# Data in this exercise
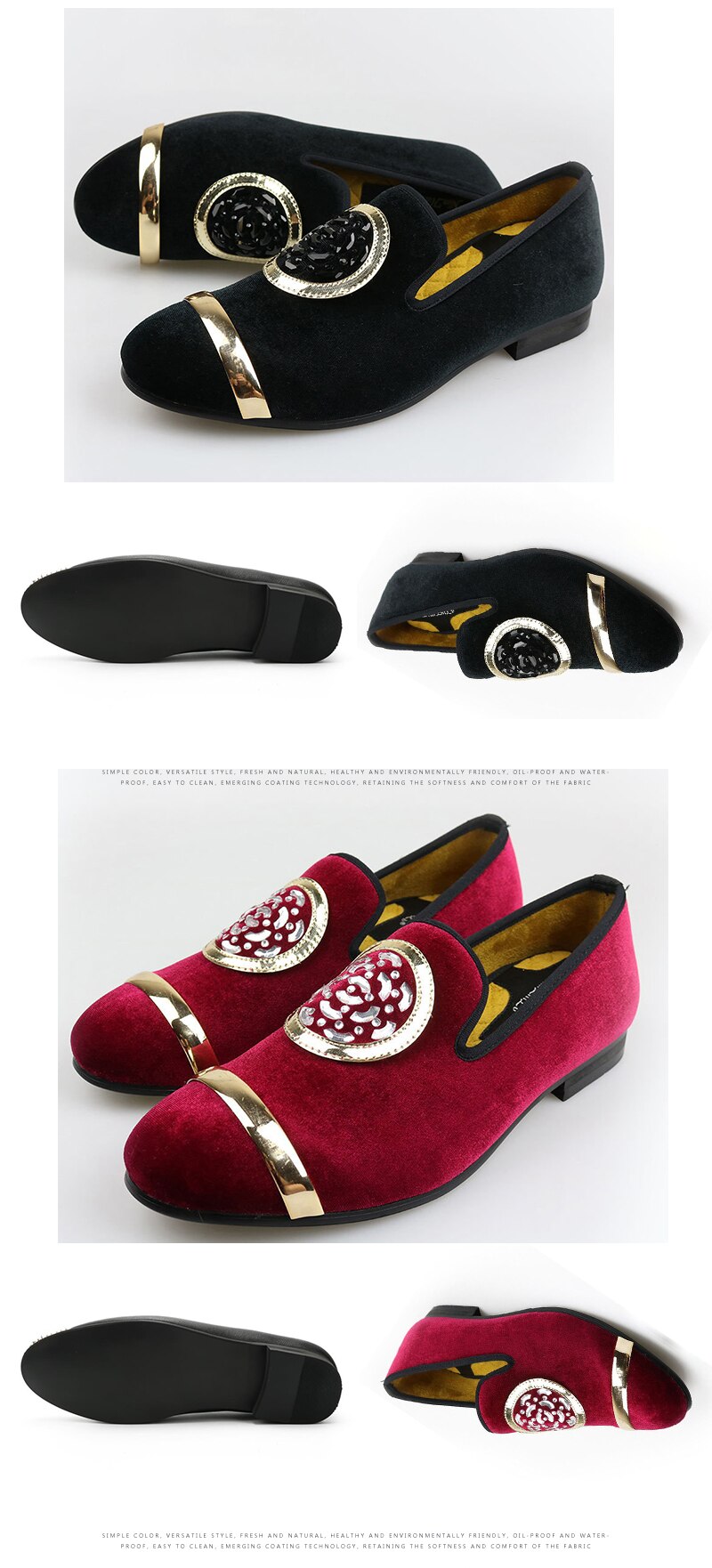 Red Fashion Men Velvet Classic Casual Gold Top and Metal Toe Handmade Luxurious Loafers Shoes  -  GeraldBlack.com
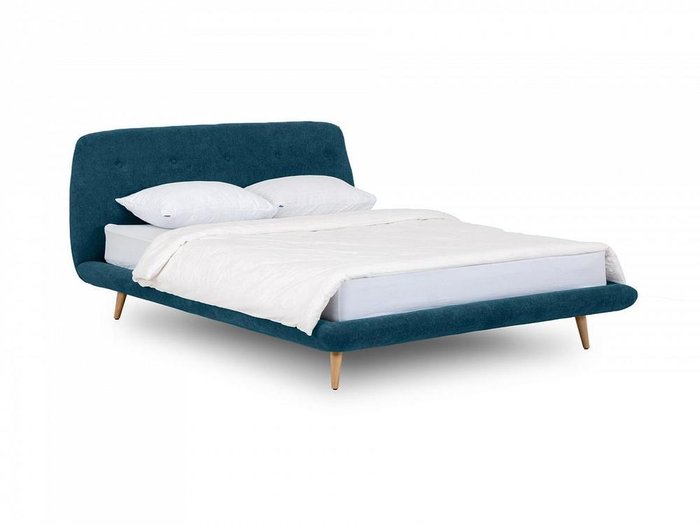 Кровать Loa 160х200 синего цвета 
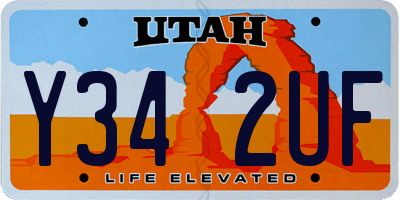 UT license plate Y342UF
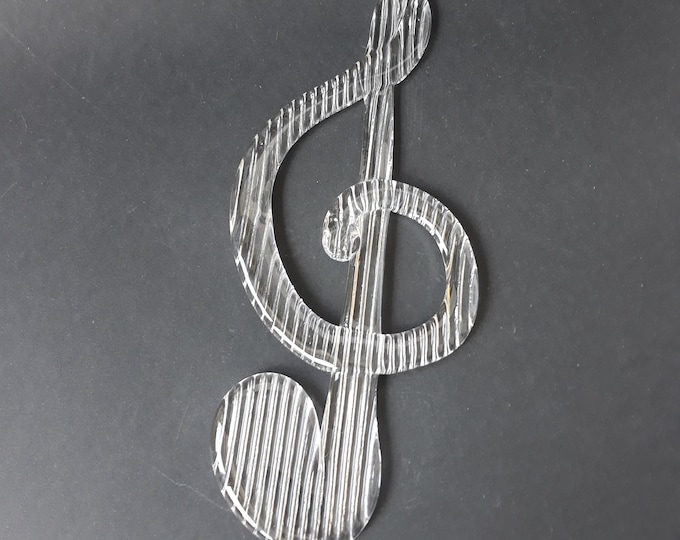 Bergdala Sweden Crystal Glass G-clef Form. G-Note Window Decor. Suncatcher Made and Design by Elving Conradsson. Swedish Vintage Art Glass.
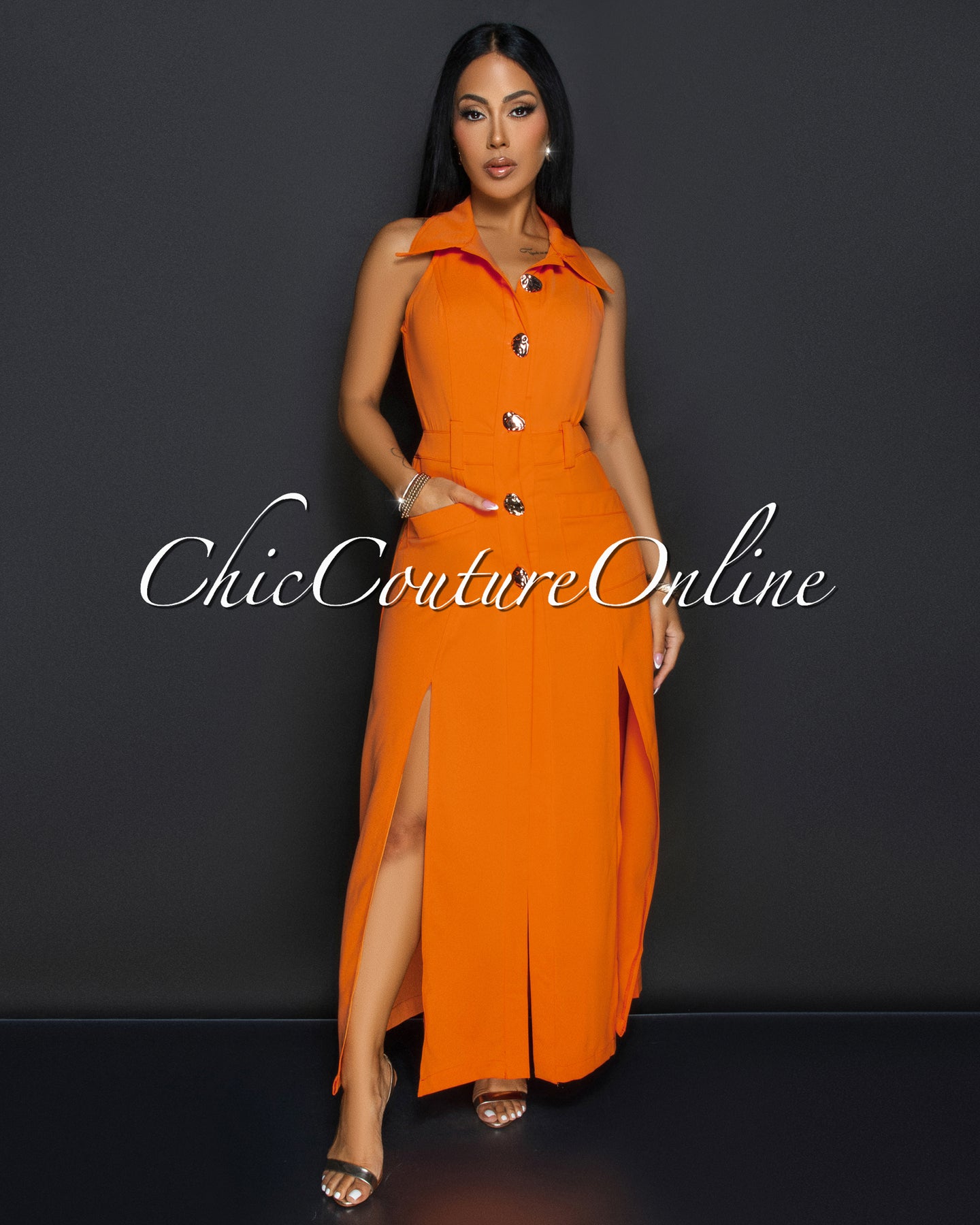 Shara Orange Gold Accent Slit Midi Dress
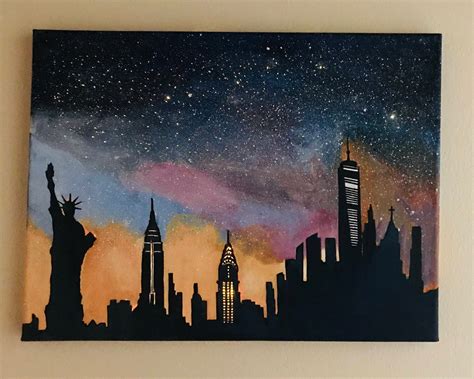 New York Skyline Acrylic Painting City Painting On Canvas Ny Wall Art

# Assignment
Print the lines from the one holding "Кровать Loa 160х200 синего цвета" through the last line of the records, word for word, and omit the pictures.

# Problem solution
 Кровать Loa 160х200 синего цвета 
 UT license plate Y342UF
 Bergdala Sweden Crystal Glass G-clef Form. G-Note Window Decor. Suncatcher Made and Design by Elving Conradsson. Swedish Vintage Art Glass.
 Shara Orange Gold Accent Slit Midi Dress
 New York Skyline Acrylic Painting City Painting On Canvas Ny Wall Art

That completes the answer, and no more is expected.